Prosiebensat.1 Media (PSM) Q4 2025 earnings summary
Event summary combining transcript, slides, and related documents.
Q4 2025 earnings summary
26 Mar, 2026Executive summary
2025 ended with a 6% revenue decline amid significant macroeconomic and advertising headwinds, with new management joining in October to focus on transforming the group into a core entertainment and multi-platform content company.
Strategic priorities shifted to local and live content, multi-platform reach, technology and AI, and strict financial discipline.
Portfolio optimization included eight M&A deals since January 2025, generating €300 million in cash inflows.
Financial highlights
Full-year 2025 revenue declined by 6% year-over-year to €3,675 million, or 2% organically after portfolio and currency effects.

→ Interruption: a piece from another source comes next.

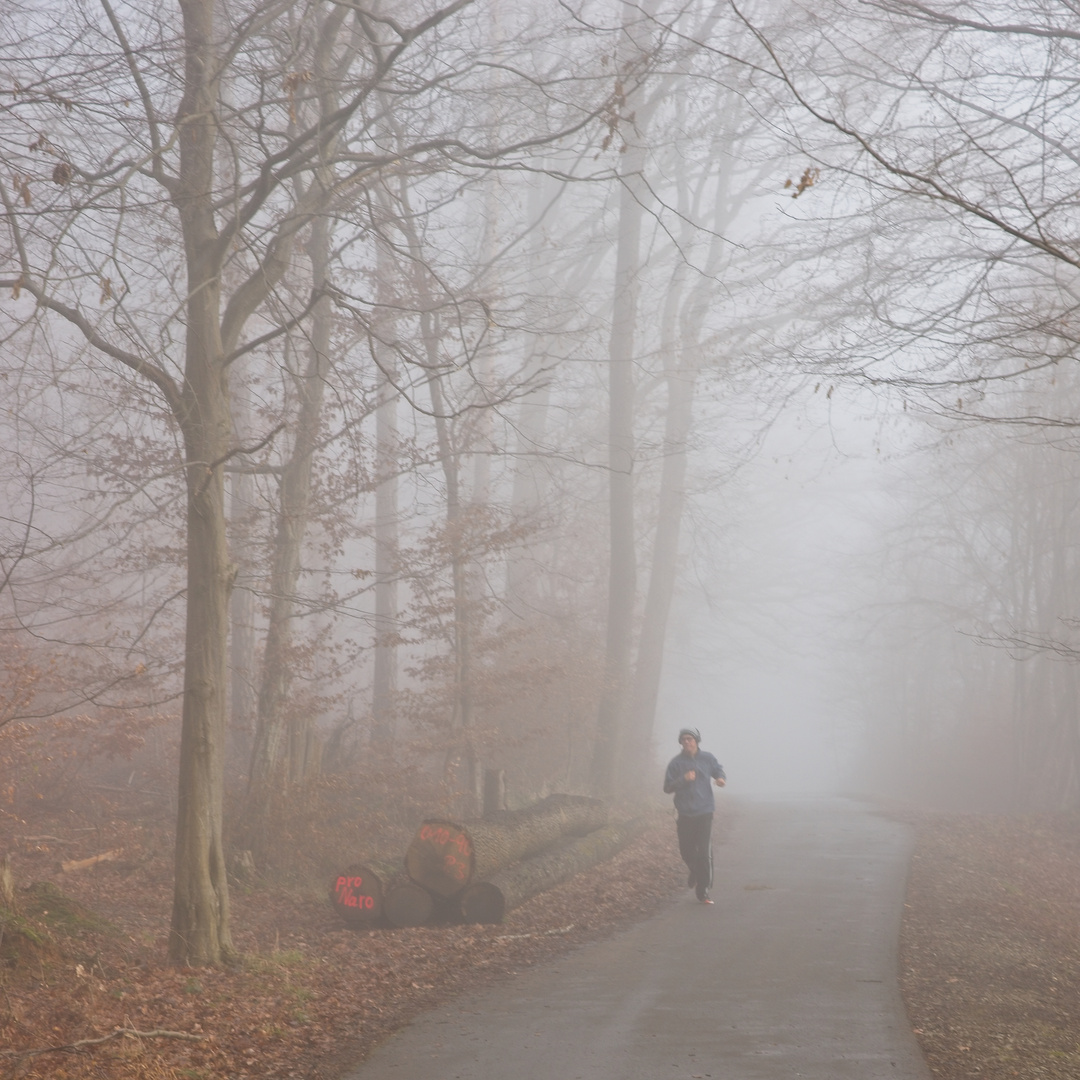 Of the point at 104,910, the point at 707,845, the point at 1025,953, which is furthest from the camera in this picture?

TV advertising revenue dropped 8% year-over-year, while digital and smart streaming remained relatively flat.
Adjusted EBITDA was €403 million, down 28% due to lower advertising revenues and the deconsolidation of Verivox.
Adjusted net income declined by 9%, supported by tax benefits.
Net debt reduced from €1.5 billion to €1.3 billion by year-end 2025, mainly due to asset sales.
Outlook and guidance
2026 outlook targets stable or slightly growing total video reach, with entertainment revenues expected to be stable year-over-year.
Significant EBITDA growth is forecast for 2026, driven by over €130 million in cost savings in entertainment.
Net financial debt expected to remain stable, with leverage targeted between 3x and 3.5x EBITDA.
Dividend proposal of €0.05 per share, unchanged from the prior year.